Print the entries exactly; skip the pictures.
::::::::::
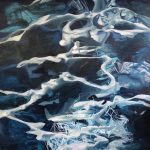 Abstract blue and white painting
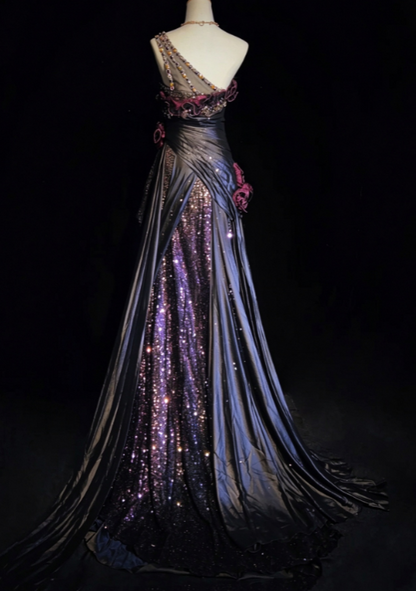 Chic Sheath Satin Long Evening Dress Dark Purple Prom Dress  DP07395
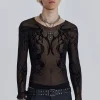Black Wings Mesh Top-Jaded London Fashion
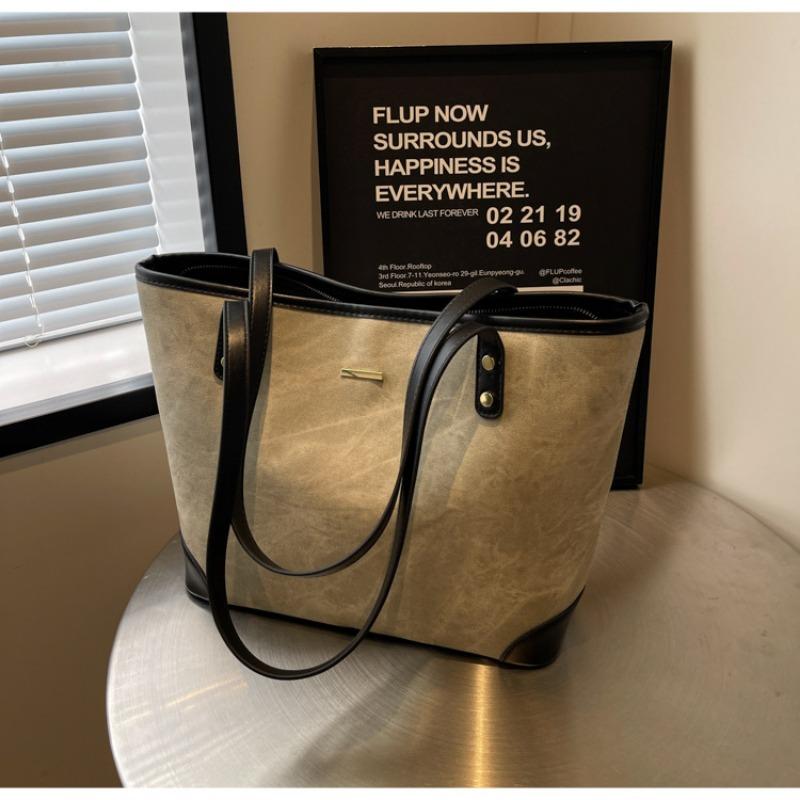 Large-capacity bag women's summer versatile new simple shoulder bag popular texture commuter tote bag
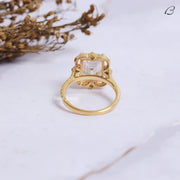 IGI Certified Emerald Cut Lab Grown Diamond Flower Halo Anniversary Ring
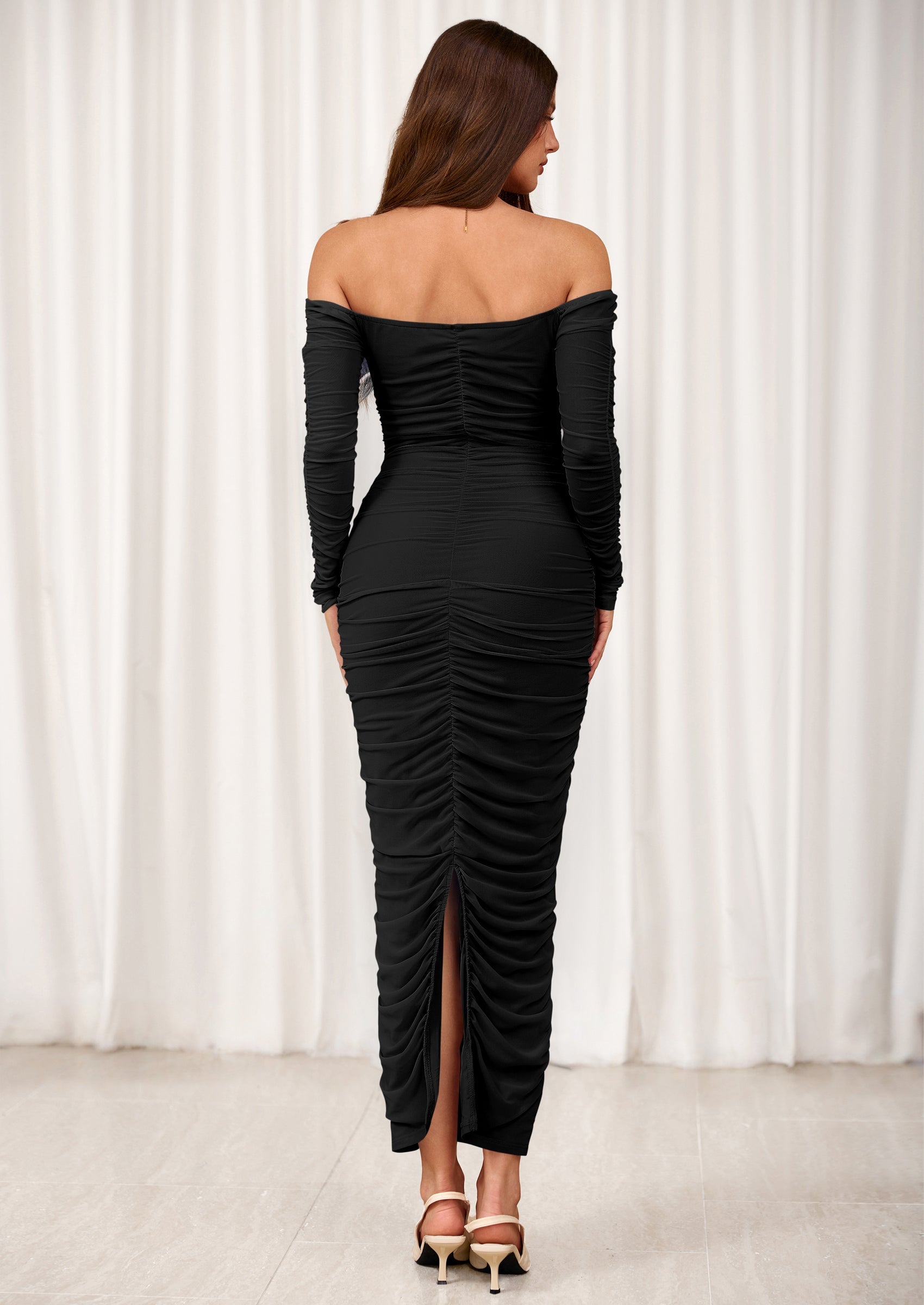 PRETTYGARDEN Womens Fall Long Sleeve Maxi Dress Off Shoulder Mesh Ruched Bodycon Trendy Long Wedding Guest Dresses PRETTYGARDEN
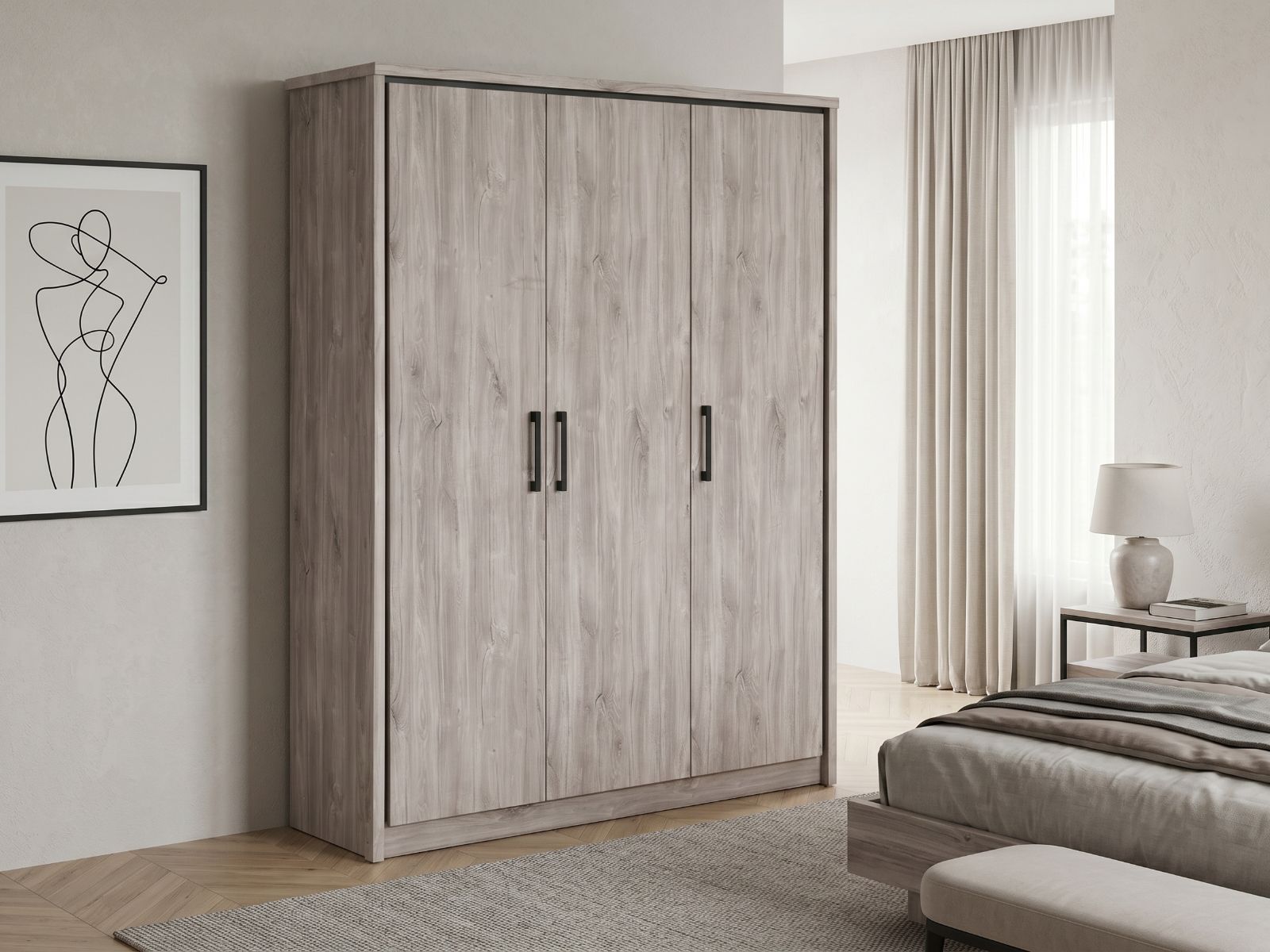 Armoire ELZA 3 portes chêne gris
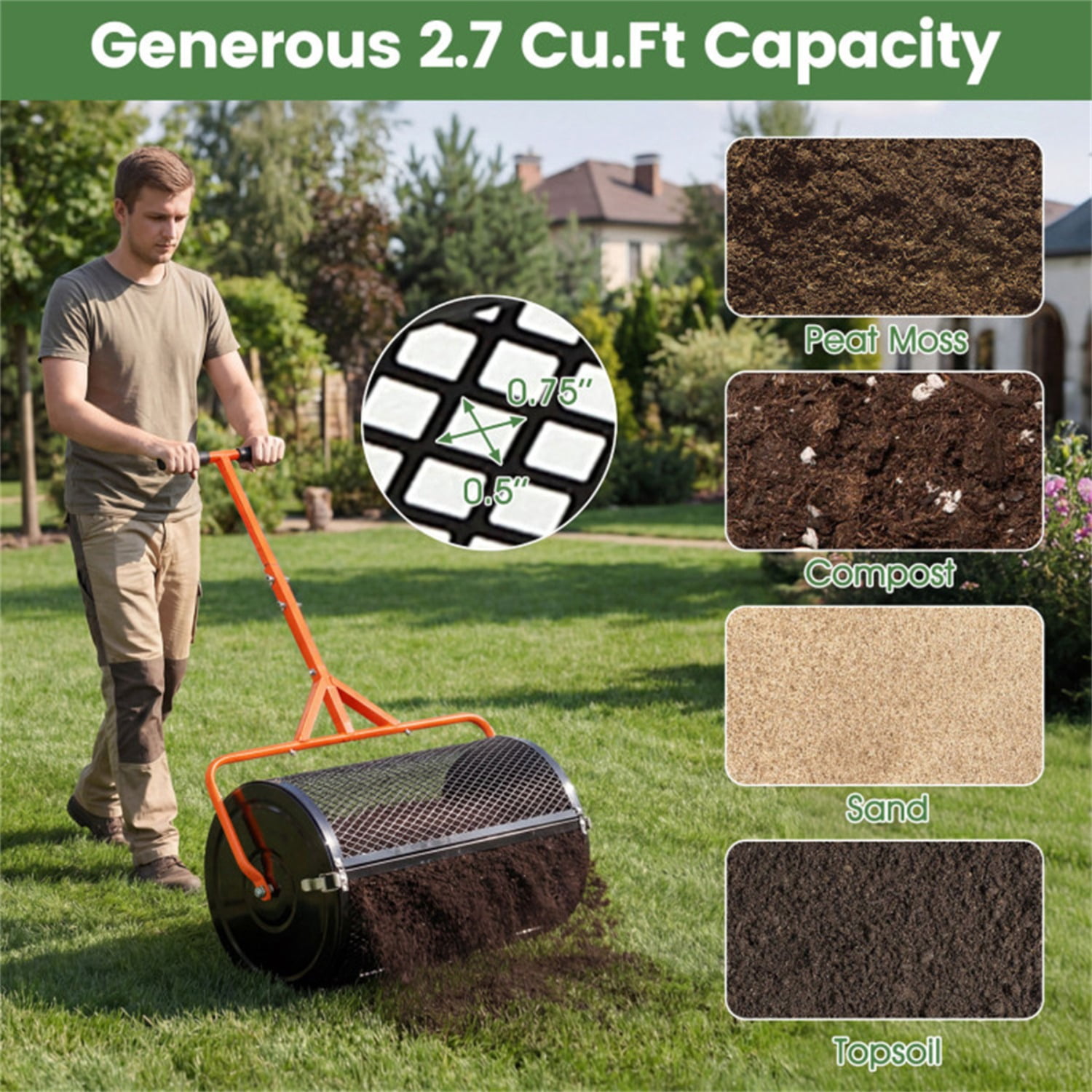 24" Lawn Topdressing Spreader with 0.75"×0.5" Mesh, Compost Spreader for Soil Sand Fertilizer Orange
::::::::::
*REPLY*:
 Abstract blue and white painting
 Chic Sheath Satin Long Evening Dress Dark Purple Prom Dress  DP07395
Black Wings Mesh Top-Jaded London Fashion
 Large-capacity bag women's summer versatile new simple shoulder bag popular texture commuter tote bag
 IGI Certified Emerald Cut Lab Grown Diamond Flower Halo Anniversary Ring
 PRETTYGARDEN Womens Fall Long Sleeve Maxi Dress Off Shoulder Mesh Ruched Bodycon Trendy Long Wedding Guest Dresses PRETTYGARDEN
 Armoire ELZA 3 portes chêne gris
 24" Lawn Topdressing Spreader with 0.75"×0.5" Mesh, Compost Spreader for Soil Sand Fertilizer Orange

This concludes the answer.